*** SOURCE DATA ***

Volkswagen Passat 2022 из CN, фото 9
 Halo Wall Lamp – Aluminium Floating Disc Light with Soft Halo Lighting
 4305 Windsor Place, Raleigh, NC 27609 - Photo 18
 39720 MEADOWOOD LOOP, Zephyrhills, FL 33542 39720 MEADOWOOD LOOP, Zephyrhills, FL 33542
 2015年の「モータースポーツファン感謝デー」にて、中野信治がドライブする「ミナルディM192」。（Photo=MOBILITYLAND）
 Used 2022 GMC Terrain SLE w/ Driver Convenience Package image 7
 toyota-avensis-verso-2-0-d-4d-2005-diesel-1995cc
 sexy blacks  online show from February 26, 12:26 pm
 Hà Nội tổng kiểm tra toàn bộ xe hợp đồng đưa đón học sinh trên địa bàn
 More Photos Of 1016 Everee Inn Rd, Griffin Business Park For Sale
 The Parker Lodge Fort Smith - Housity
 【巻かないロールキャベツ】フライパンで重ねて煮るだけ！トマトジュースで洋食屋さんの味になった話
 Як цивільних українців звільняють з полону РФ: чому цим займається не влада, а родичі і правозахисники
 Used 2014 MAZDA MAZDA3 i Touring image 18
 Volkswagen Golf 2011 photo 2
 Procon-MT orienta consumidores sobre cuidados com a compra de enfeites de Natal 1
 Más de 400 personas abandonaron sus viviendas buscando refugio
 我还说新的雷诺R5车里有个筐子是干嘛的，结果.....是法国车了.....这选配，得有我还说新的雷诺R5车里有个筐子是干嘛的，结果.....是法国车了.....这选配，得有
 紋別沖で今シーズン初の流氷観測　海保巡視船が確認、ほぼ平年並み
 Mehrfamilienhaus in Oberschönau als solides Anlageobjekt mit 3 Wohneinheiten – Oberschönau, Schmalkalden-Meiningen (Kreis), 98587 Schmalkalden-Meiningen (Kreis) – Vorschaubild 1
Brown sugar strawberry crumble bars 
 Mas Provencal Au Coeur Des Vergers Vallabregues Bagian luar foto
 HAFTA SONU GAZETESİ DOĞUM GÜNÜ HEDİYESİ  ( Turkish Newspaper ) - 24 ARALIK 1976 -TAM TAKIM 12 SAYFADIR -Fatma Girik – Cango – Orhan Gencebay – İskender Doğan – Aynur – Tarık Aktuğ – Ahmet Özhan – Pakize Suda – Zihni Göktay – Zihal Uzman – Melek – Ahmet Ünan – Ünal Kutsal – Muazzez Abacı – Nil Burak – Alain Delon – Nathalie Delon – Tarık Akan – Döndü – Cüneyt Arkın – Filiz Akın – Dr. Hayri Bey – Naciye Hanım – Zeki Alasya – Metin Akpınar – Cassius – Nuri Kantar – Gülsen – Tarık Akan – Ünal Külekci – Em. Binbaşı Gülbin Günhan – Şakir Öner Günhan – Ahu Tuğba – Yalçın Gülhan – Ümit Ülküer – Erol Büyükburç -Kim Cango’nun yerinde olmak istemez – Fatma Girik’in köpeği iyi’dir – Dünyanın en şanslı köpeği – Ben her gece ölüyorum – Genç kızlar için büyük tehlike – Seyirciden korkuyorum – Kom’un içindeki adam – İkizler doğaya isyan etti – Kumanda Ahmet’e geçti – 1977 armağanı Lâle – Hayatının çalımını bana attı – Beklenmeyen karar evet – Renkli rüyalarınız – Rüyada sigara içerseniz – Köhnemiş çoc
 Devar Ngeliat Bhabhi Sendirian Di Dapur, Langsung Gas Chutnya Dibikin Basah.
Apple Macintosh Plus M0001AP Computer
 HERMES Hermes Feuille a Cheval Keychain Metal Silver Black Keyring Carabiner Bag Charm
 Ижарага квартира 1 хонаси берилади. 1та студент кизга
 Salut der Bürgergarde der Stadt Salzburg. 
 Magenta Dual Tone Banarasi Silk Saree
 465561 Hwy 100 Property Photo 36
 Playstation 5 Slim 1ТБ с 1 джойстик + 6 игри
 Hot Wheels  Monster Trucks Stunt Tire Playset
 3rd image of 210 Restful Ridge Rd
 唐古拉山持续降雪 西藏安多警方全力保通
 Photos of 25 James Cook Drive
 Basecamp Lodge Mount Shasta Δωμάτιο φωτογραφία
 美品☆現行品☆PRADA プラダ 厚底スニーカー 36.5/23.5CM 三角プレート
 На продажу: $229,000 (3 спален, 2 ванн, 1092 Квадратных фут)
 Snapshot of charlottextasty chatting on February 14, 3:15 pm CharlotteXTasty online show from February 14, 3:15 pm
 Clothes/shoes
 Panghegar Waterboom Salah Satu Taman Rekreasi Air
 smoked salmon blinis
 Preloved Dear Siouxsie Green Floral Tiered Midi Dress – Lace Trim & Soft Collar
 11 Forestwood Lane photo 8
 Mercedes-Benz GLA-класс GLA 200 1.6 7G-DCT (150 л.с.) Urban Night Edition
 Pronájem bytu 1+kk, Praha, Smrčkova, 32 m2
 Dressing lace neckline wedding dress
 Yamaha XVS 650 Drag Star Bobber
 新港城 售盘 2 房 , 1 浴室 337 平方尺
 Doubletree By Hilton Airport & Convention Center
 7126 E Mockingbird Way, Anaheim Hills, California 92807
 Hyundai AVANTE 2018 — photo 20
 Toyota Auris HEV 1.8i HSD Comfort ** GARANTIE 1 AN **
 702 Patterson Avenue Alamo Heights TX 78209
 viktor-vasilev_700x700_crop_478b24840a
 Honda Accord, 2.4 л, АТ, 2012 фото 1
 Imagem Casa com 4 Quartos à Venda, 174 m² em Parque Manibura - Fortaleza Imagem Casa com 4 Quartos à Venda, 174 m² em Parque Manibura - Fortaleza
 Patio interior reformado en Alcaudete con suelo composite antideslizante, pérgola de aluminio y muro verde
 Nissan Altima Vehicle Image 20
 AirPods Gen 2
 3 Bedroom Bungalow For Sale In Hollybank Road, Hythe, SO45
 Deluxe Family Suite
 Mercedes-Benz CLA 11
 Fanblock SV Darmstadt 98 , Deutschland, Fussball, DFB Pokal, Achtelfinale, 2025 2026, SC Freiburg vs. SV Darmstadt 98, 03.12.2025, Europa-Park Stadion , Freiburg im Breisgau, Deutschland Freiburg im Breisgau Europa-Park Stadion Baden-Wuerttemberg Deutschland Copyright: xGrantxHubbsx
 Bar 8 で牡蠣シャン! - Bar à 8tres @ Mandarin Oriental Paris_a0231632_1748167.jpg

*** End of SOURCE DATA ***

**AIM OF THE TASK**
The material must be written out again in full and without changes.

**TASK RESULT**
Volkswagen Passat 2022 из CN, фото 9
 Halo Wall Lamp – Aluminium Floating Disc Light with Soft Halo Lighting
 4305 Windsor Place, Raleigh, NC 27609 - Photo 18
 39720 MEADOWOOD LOOP, Zephyrhills, FL 33542 39720 MEADOWOOD LOOP, Zephyrhills, FL 33542
 2015年の「モータースポーツファン感謝デー」にて、中野信治がドライブする「ミナルディM192」。（Photo=MOBILITYLAND）
 Used 2022 GMC Terrain SLE w/ Driver Convenience Package image 7
 toyota-avensis-verso-2-0-d-4d-2005-diesel-1995cc
 sexy blacks  online show from February 26, 12:26 pm
 Hà Nội tổng kiểm tra toàn bộ xe hợp đồng đưa đón học sinh trên địa bàn
 More Photos Of 1016 Everee Inn Rd, Griffin Business Park For Sale
 The Parker Lodge Fort Smith - Housity
 【巻かないロールキャベツ】フライパンで重ねて煮るだけ！トマトジュースで洋食屋さんの味になった話
 Як цивільних українців звільняють з полону РФ: чому цим займається не влада, а родичі і правозахисники
 Used 2014 MAZDA MAZDA3 i Touring image 18
 Volkswagen Golf 2011 photo 2
 Procon-MT orienta consumidores sobre cuidados com a compra de enfeites de Natal 1
 Más de 400 personas abandonaron sus viviendas buscando refugio
 我还说新的雷诺R5车里有个筐子是干嘛的，结果.....是法国车了.....这选配，得有我还说新的雷诺R5车里有个筐子是干嘛的，结果.....是法国车了.....这选配，得有
 紋別沖で今シーズン初の流氷観測　海保巡視船が確認、ほぼ平年並み
 Mehrfamilienhaus in Oberschönau als solides Anlageobjekt mit 3 Wohneinheiten – Oberschönau, Schmalkalden-Meiningen (Kreis), 98587 Schmalkalden-Meiningen (Kreis) – Vorschaubild 1
Brown sugar strawberry crumble bars 
 Mas Provencal Au Coeur Des Vergers Vallabregues Bagian luar foto
 HAFTA SONU GAZETESİ DOĞUM GÜNÜ HEDİYESİ  ( Turkish Newspaper ) - 24 ARALIK 1976 -TAM TAKIM 12 SAYFADIR -Fatma Girik – Cango – Orhan Gencebay – İskender Doğan – Aynur – Tarık Aktuğ – Ahmet Özhan – Pakize Suda – Zihni Göktay – Zihal Uzman – Melek – Ahmet Ünan – Ünal Kutsal – Muazzez Abacı – Nil Burak – Alain Delon – Nathalie Delon – Tarık Akan – Döndü – Cüneyt Arkın – Filiz Akın – Dr. Hayri Bey – Naciye Hanım – Zeki Alasya – Metin Akpınar – Cassius – Nuri Kantar – Gülsen – Tarık Akan – Ünal Külekci – Em. Binbaşı Gülbin Günhan – Şakir Öner Günhan – Ahu Tuğba – Yalçın Gülhan – Ümit Ülküer – Erol Büyükburç -Kim Cango’nun yerinde olmak istemez – Fatma Girik’in köpeği iyi’dir – Dünyanın en şanslı köpeği – Ben her gece ölüyorum – Genç kızlar için büyük tehlike – Seyirciden korkuyorum – Kom’un içindeki adam – İkizler doğaya isyan etti – Kumanda Ahmet’e geçti – 1977 armağanı Lâle – Hayatının çalımını bana attı – Beklenmeyen karar evet – Renkli rüyalarınız – Rüyada sigara içerseniz – Köhnemiş çoc
 Devar Ngeliat Bhabhi Sendirian Di Dapur, Langsung Gas Chutnya Dibikin Basah.
Apple Macintosh Plus M0001AP Computer
 HERMES Hermes Feuille a Cheval Keychain Metal Silver Black Keyring Carabiner Bag Charm
 Ижарага квартира 1 хонаси берилади. 1та студент кизга
 Salut der Bürgergarde der Stadt Salzburg. 
 Magenta Dual Tone Banarasi Silk Saree
 465561 Hwy 100 Property Photo 36
 Playstation 5 Slim 1ТБ с 1 джойстик + 6 игри
 Hot Wheels  Monster Trucks Stunt Tire Playset
 3rd image of 210 Restful Ridge Rd
 唐古拉山持续降雪 西藏安多警方全力保通
 Photos of 25 James Cook Drive
 Basecamp Lodge Mount Shasta Δωμάτιο φωτογραφία
 美品☆現行品☆PRADA プラダ 厚底スニーカー 36.5/23.5CM 三角プレート
 На продажу: $229,000 (3 спален, 2 ванн, 1092 Квадратных фут)
 Snapshot of charlottextasty chatting on February 14, 3:15 pm CharlotteXTasty online show from February 14, 3:15 pm
 Clothes/shoes
 Panghegar Waterboom Salah Satu Taman Rekreasi Air
 smoked salmon blinis
 Preloved Dear Siouxsie Green Floral Tiered Midi Dress – Lace Trim & Soft Collar
 11 Forestwood Lane photo 8
 Mercedes-Benz GLA-класс GLA 200 1.6 7G-DCT (150 л.с.) Urban Night Edition
 Pronájem bytu 1+kk, Praha, Smrčkova, 32 m2
 Dressing lace neckline wedding dress
 Yamaha XVS 650 Drag Star Bobber
 新港城 售盘 2 房 , 1 浴室 337 平方尺
 Doubletree By Hilton Airport & Convention Center
 7126 E Mockingbird Way, Anaheim Hills, California 92807
 Hyundai AVANTE 2018 — photo 20
 Toyota Auris HEV 1.8i HSD Comfort ** GARANTIE 1 AN **
 702 Patterson Avenue Alamo Heights TX 78209
 viktor-vasilev_700x700_crop_478b24840a
 Honda Accord, 2.4 л, АТ, 2012 фото 1
 Imagem Casa com 4 Quartos à Venda, 174 m² em Parque Manibura - Fortaleza Imagem Casa com 4 Quartos à Venda, 174 m² em Parque Manibura - Fortaleza
 Patio interior reformado en Alcaudete con suelo composite antideslizante, pérgola de aluminio y muro verde
 Nissan Altima Vehicle Image 20
 AirPods Gen 2
 3 Bedroom Bungalow For Sale In Hollybank Road, Hythe, SO45
 Deluxe Family Suite
 Mercedes-Benz CLA 11
 Fanblock SV Darmstadt 98 , Deutschland, Fussball, DFB Pokal, Achtelfinale, 2025 2026, SC Freiburg vs. SV Darmstadt 98, 03.12.2025, Europa-Park Stadion , Freiburg im Breisgau, Deutschland Freiburg im Breisgau Europa-Park Stadion Baden-Wuerttemberg Deutschland Copyright: xGrantxHubbsx
 Bar 8 で牡蠣シャン! - Bar à 8tres @ Mandarin Oriental Paris_a0231632_1748167.jpg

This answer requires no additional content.